# Exercise data:
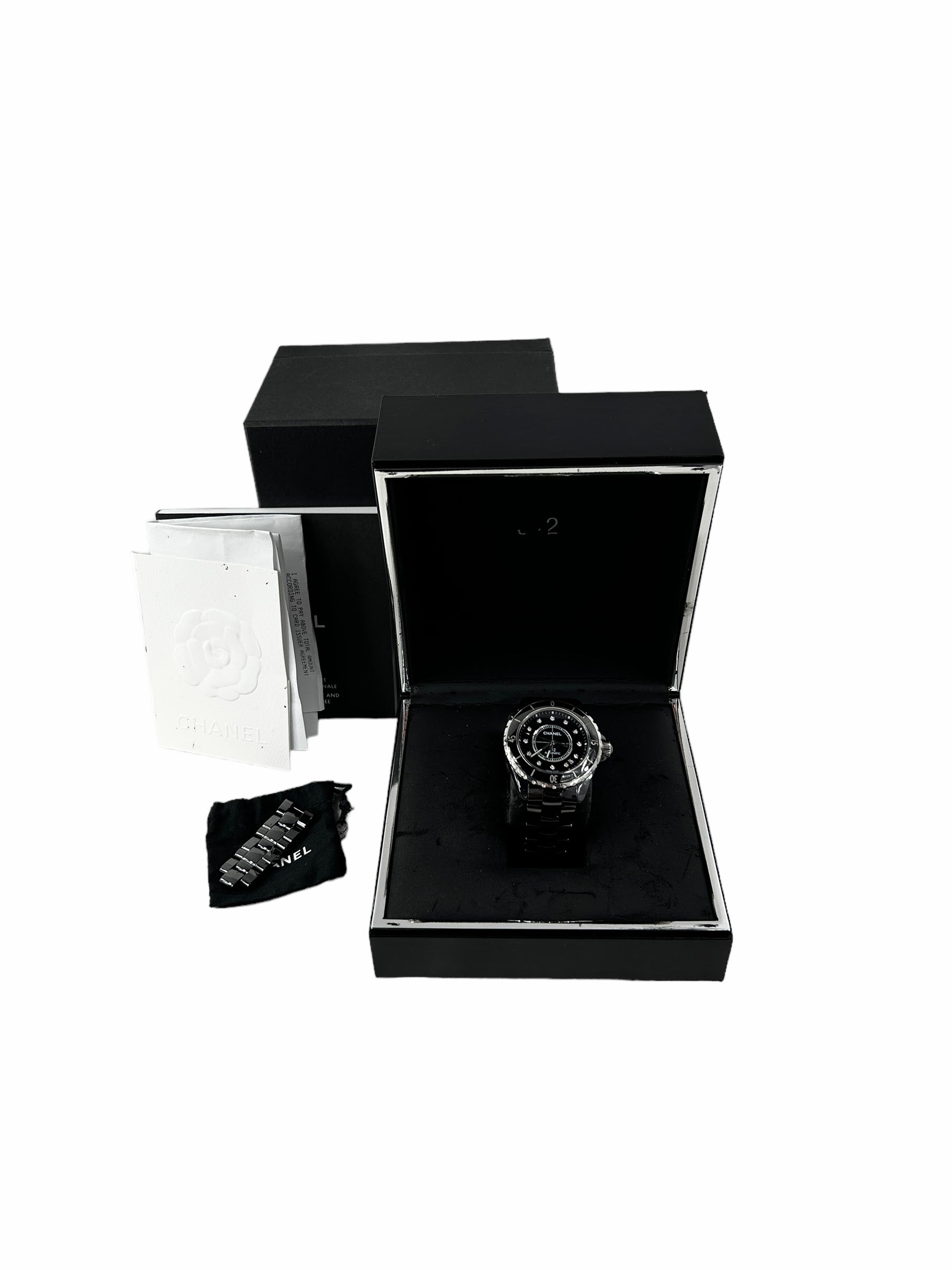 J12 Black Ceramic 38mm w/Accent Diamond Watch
==
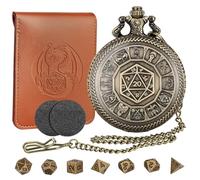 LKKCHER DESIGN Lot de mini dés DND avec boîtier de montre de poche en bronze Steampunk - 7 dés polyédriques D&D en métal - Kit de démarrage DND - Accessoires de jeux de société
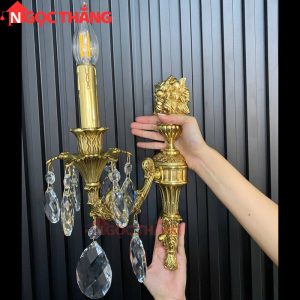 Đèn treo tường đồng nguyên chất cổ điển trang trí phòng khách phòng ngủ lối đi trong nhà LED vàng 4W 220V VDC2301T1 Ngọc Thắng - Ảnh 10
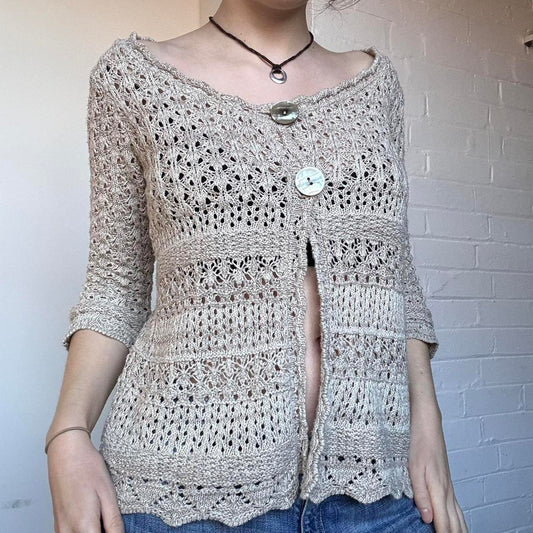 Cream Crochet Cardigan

# Your objective:
Only the lines above starting with the line with "LKKCHER DESIGN Lot" and going on through the line with "Cream Crochet Cardigan" belong in the answer; repeat them exactly, minus any picture.

# Your solution:
 LKKCHER DESIGN Lot de mini dés DND avec boîtier de montre de poche en bronze Steampunk - 7 dés polyédriques D&D en métal - Kit de démarrage DND - Accessoires de jeux de société
 Đèn treo tường đồng nguyên chất cổ điển trang trí phòng khách phòng ngủ lối đi trong nhà LED vàng 4W 220V VDC2301T1 Ngọc Thắng - Ảnh 10
 Cream Crochet Cardigan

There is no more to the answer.